Open chrisbetz opened 9 years ago
The mesos portion is fairly straightforward too -- I did that in the process of verifying Sparkling. You just have to change the master url to the mesos one, and rest is well, setting up a Mesos cluster and there are pretty good tutorials elsewhere for that part.
I suggest the following function for the guide. I haven't tried this on anything other than local and mesos, so it could be different for various environments. For mesos, the master mesos://
url needs to be given. and the cluster-type
assigned.
(defn make-spark-context [cluster-type & {:keys [master] :or {master nil}}]
(let [ get-master #(condp = cluster-type
:local "local[*]"
:mesos master
:yarn master
:spark-cluster master)
c (-> (conf/spark-conf)
(conf/master (get-master))
(conf/app-name "Test")
(conf/set "spark.executor.uri" "hdfs://namenode/spark/spark-1.3.0-bin-hadoop2.3.tgz")
)]
(spark/spark-context c)))
Update: There's a lot of stuff that needs to be done to keep the classes in sync in Mesos case for a realistic guide.
is there any example code anywhere that could help me understand what's required to run over a cluster via YARN? The only thing i've come across is a presentation on http://www.slideshare.net/cb.betz/spark-and-clojure-2 slide #56 however there is no samples on how to do this.
What might the (conf/master ) parameters look like?
@joefromct There's nothing special in Spark config for YARN. Here's what I do.
(def spark-conf
(-> (conf/spark-conf)
(conf/master (System/getProperty "spark.master" "local[*]"))
(conf/app-name "my-spark-app")
))
Then you build your uberjar
and submit as spark-submit --master yarn my-spark-app-standalone.jar ...
.
is there any way to work in repl on yarn?
Hi,
Yes, you can start an nrepl server inside your driver and connect to that.
Cheers,
Chris
Am 08.10.2015 um 10:05 schrieb ponimas notifications@github.com:
is there any way to work in repl on yarn?
— Reply to this email directly or view it on GitHub https://github.com/gorillalabs/sparkling/issues/3#issuecomment-146450571.
@chrisbetz I am working to run this in the REPL and set the sparkContext to be a remote standalone cluster, it appears that I can connect to it:
16/08/23 22:30:29 INFO Master: Registering app sparkling-example
16/08/23 22:30:29 INFO Master: Registered app sparkling-example with ID app-20160823223029-0005
However, when it doesn't appear anything is executing or that it fails when it tries to execute and restarts on the work node....

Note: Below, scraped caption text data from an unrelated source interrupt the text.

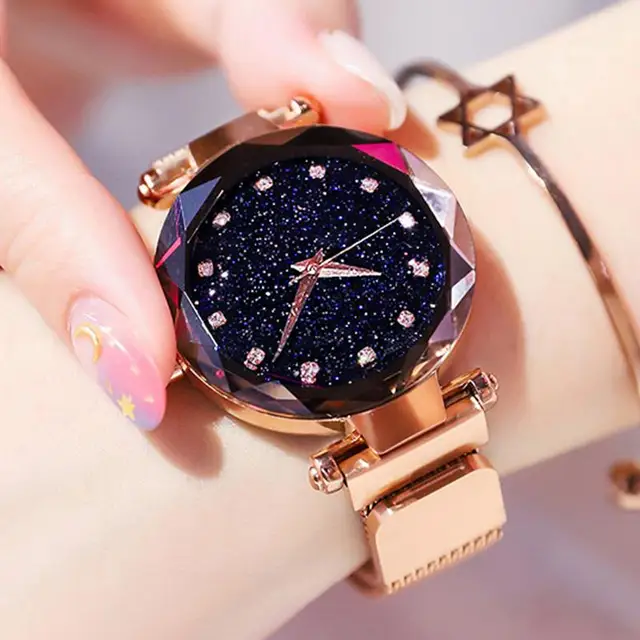 Luxury Rose Gold Women Watches Starry Sky Magnetic Female Wristwatch Waterproof Luxury Rose Gold Women Watches Starry Sky Magnetic Female Wristwatch Waterproof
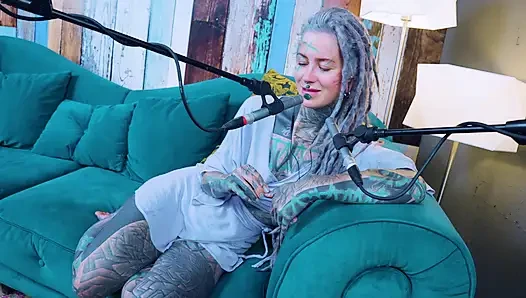 I talk about Z - zeal - ASMR podcast SFW talking goth skinny girl dreadlocks tattoo model inked girl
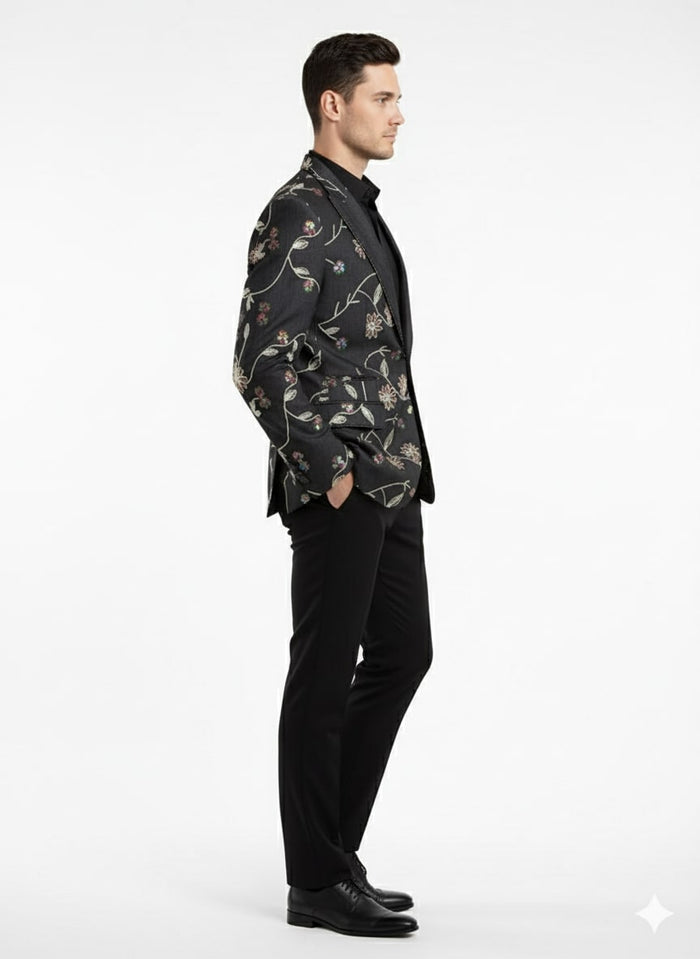 Luxury Black Floral Embroidered Blazer for Men Designer Party and Wedding Wear Jacket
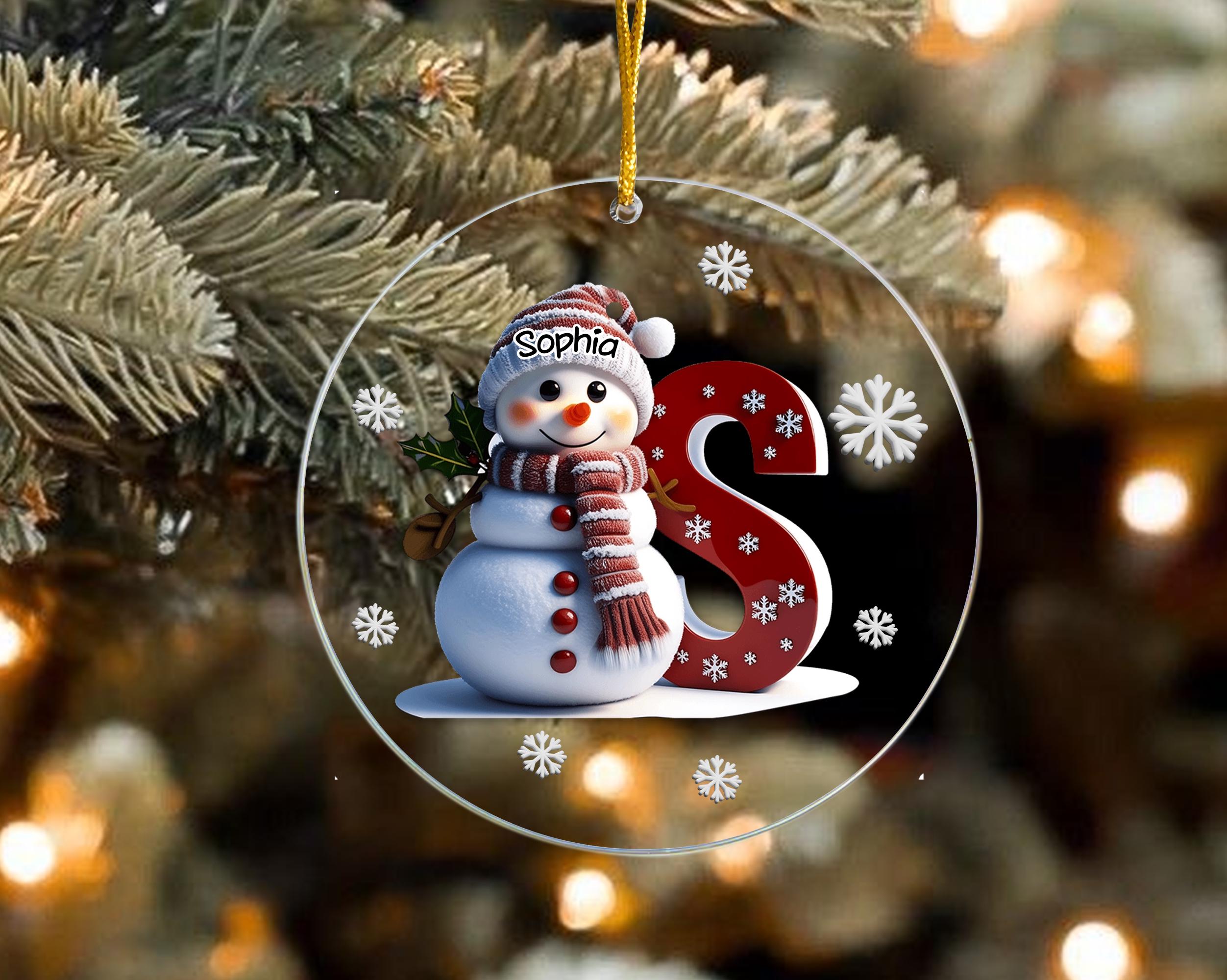 Personalized Snowman Letter Ornament, Custom Christmas Initial Ornament, Alphabet Ornament, Custom Kids Name Ornament, Kids Christmas Gifts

16/08/23 20:51:16 INFO Master: Launching executor app-20160823204841-0003/115 on worker worker-20160823192913-172.17.0.13-36085
16/08/23 20:51:18 INFO Master: Removing executor app-20160823204841-0003/114 because it is EXITED
16/08/23 20:51:18 INFO Master: Launching executor app-20160823204841-0003/116 on worker worker-20160823192922-172.17.0.14-49496
16/08/23 20:51:18 INFO Master: Removing executor app-20160823204841-0003/115 because it is EXITED
16/08/23 20:51:19 INFO Master: Launching executor app-20160823204841-0003/117 on worker worker-20160823192913-172.17.0.13-36085
16/08/23 20:51:21 INFO Master: Removing executor app-20160823204841-0003/117 because it is EXITED
Wasn't sure if anyone else has tried, this or my workflow could be completely wrong, I am try to develop in the repl against a remote spark cluster. Thanks!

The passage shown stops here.